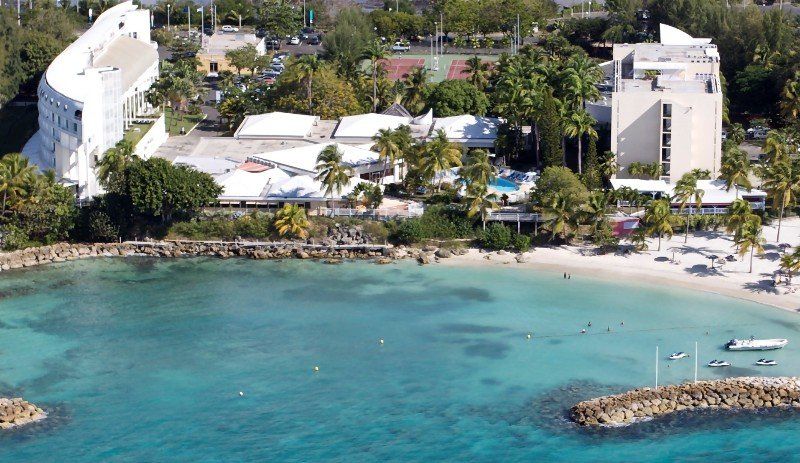 Karibea Beach Resort Clipper Le Gosier  Exterior foto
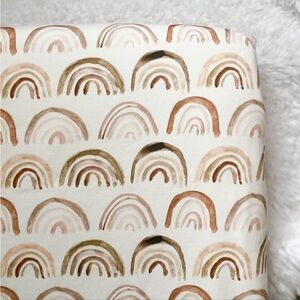 NEW/UNOPENED Custom Etsy Fitted Crib Sheets and Changing Pad Covers SET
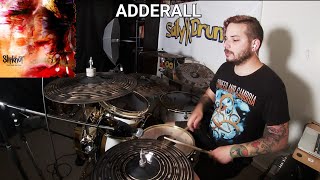 SallyDrumz - Slipknot - Adderall Drum Cover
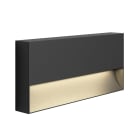 Astro - Balisage Mori 250 Noir texturé univers Extérieur IP65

========

## Work required
Once the pictures are removed, repeat all of the data above exactly.

## Answer box
 Karibea Beach Resort Clipper Le Gosier  Exterior foto
 NEW/UNOPENED Custom Etsy Fitted Crib Sheets and Changing Pad Covers SET
 SallyDrumz - Slipknot - Adderall Drum Cover
 Astro - Balisage Mori 250 Noir texturé univers Extérieur IP65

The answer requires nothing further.